As an early proponent of the need to move towards a non-growth or ‘steady state’ economy, Boulding used the contrasted images of the cowboy and the spaceman to explore our attitude to our environment. The cowboy, who finds his apotheosis in American capitalism, is always pushing outwards, expanding his available resources, finding ever new frontiers to exploit. The spaceman, by contrast, is forced to recognize the limits of what he has brought on his small ship:

‘Earth has become a single spaceship, without unlimited reservoirs of anything, either for extraction or for pollution, and in which, therefore, man must find his place in a cyclical ecological system which is capable of continuous reproduction of materials even though it cannot escape having inputs of energy.’

This image provides a stark illustration of two of the key principles of green economics: the importance of the circular flow of materials around the planet and the need to handle wastes positively. It is an interesting ironic development of this contrast that, with the NASA project to put a human being on the surface of Mars now itself using up a large quantity of earth’s resources, the cowboy will meet the astronaut at the final frontier: space.

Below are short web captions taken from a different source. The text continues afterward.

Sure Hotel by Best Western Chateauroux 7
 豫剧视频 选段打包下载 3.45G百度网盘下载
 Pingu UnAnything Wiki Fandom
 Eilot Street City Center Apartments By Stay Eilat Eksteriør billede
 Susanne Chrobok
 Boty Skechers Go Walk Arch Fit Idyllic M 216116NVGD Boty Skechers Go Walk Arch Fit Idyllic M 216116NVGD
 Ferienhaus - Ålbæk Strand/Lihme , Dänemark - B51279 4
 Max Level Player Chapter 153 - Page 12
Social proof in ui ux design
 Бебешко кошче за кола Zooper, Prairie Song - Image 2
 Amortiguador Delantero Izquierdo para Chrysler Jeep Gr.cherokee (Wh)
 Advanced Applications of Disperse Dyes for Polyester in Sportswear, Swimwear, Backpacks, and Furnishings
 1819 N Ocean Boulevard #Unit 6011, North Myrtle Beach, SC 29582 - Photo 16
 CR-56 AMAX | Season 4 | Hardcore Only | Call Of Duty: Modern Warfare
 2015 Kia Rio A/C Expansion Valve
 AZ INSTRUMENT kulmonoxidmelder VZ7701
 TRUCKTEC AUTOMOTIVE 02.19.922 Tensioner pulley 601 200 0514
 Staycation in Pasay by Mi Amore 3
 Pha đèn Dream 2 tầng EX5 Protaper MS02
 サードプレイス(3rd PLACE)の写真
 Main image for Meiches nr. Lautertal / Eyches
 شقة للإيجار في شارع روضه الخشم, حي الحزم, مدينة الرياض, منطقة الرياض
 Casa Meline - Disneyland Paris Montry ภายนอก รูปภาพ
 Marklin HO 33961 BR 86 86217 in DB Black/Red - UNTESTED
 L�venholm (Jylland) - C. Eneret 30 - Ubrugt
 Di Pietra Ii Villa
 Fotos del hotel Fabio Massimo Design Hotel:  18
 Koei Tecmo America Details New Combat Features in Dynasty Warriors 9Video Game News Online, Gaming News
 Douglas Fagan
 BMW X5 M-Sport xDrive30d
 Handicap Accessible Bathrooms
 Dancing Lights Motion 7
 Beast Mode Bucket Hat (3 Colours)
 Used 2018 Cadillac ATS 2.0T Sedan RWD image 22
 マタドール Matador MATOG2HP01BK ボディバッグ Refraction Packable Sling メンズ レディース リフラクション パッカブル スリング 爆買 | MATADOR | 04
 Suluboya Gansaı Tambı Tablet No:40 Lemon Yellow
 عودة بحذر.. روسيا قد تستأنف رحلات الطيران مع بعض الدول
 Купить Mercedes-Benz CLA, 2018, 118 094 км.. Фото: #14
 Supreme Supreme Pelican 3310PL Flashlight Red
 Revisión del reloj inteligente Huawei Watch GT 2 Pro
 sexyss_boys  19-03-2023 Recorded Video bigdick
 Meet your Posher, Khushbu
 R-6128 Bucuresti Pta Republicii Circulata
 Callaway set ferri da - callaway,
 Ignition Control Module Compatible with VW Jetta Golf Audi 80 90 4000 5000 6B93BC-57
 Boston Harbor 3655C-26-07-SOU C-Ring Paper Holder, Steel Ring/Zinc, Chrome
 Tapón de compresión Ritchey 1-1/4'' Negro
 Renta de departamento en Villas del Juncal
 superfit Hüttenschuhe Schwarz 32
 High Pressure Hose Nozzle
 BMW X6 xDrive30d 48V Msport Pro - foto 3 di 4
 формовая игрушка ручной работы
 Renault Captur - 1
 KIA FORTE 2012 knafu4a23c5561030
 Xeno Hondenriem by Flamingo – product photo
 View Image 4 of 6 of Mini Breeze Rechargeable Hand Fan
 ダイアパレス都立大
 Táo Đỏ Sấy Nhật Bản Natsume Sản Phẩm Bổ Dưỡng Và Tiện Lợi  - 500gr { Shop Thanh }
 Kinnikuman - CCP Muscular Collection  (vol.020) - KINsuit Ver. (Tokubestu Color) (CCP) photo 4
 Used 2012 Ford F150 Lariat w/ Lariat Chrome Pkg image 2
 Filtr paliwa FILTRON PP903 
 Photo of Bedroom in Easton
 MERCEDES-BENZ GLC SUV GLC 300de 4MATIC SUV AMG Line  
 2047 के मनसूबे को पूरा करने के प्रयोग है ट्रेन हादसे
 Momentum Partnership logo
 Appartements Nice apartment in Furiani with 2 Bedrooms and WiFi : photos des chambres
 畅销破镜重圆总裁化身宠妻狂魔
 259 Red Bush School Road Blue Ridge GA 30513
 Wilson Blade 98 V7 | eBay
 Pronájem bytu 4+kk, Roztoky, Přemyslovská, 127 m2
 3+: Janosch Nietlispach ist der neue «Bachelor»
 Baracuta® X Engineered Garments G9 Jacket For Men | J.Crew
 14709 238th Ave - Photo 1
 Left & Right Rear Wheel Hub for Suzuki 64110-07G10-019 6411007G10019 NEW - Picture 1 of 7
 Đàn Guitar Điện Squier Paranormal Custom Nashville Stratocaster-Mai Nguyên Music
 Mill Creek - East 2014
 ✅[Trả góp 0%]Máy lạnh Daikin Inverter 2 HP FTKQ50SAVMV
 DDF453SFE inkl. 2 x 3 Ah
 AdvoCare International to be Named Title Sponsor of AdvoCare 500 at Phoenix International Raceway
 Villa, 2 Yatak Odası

Boulding was also critical of the straight-line thinking inherent in mainstream economics; this he described as ‘a linear economy . . . which extracts fossil fuels and ores at one end and transforms them into commodities and ultimately into waste products which are spewed out the other end into pollutable reservoirs’. This way of organising an economy was, he declared, ‘inherently suicidal’. His alternative was a prototype for the spaceship earth which he thought he had identified in the traditional village economy of Asia. Rather than a linear form this had a circularity built in—‘a high-level cyclical economy’. This was written nearly forty years ago and laid the groundwork for the closed-loop economy and the principles of permaculture that are now being translated into practical policy in calls for a zero-waste economy.